At the heart of the inner alignment problem is the issue of spurious correlations – patterns in the training data that are not causally related to the intended task, but which the model nevertheless learns to rely on. These correlations can lead to unintended and potentially harmful behaviors when the model is deployed in environments where those correlations no longer hold.

One striking example of this problem comes from the medical domain, as illustrated in figure below. In a study on skin lesion classification (Narla et al., 2018), researchers found that their model had learned to associate the presence of ruler markings with malignant tumors. This was because in the training data, which came from a hospital setting, rulers were more commonly used to measure concerning lesions. As a result, the model began to rely on the presence of rulers as a shortcut for identifying tumors, rather than learning the true underlying features of malignancy.

The presence of ruler markings correlated with the presence of tumors on the skin lesions dataset biases the model into classifying images with markers as tumors. Image adapted from Narla et al. (2018).

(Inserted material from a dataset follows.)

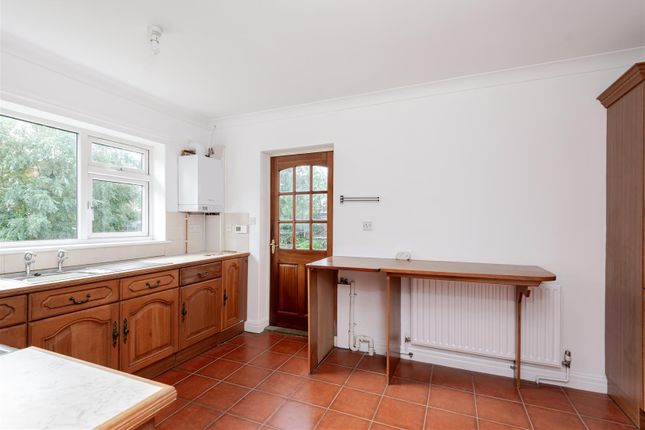 Ladyman Lodge, Horseshoe Road, Spalding photo 4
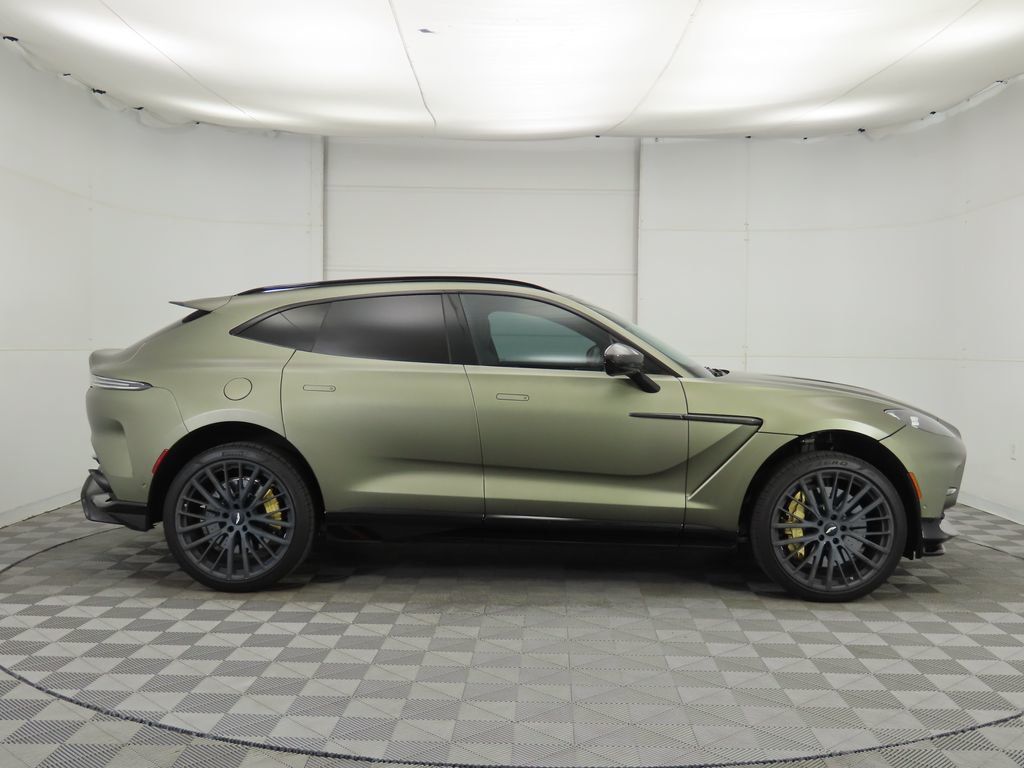 2023 Aston Martin DBX DBX707 photo 4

While this shortcut worked well on the validation set, which came from the same hospital distribution, it led to dangerous failures when the model was deployed on new data where rulers were not present. The model began to underestimate the prevalence of tumors, putting patients at risk. This illustrates how spurious correlations can lead to models that seem to perform well in validation, but fail to align with the intended behavior in deployment.

Another example of misalignment due to correlations comes from the realm of reinforcement learning, as shown in figure below. In this case, an agent was trained in a virtual environment to navigate to a goal (a coin) in order to receive a reward. The training environments always placed the coin in the far right corner of the level. As a result, the agent learned a policy of simply moving as far right as possible, rather than actually seeking out the coin.

An example of goal misgeneralization between the training (top sequence) and the deployment distribution (bottom sequence) for an agent trained to acquire the coin. In training the coin was placed on the rightmost position, but in deployment its position was randomized. The agent learned to reach the leftmost wall instead of acquiring the coin. Image based on materials from Langosco et al. (2022).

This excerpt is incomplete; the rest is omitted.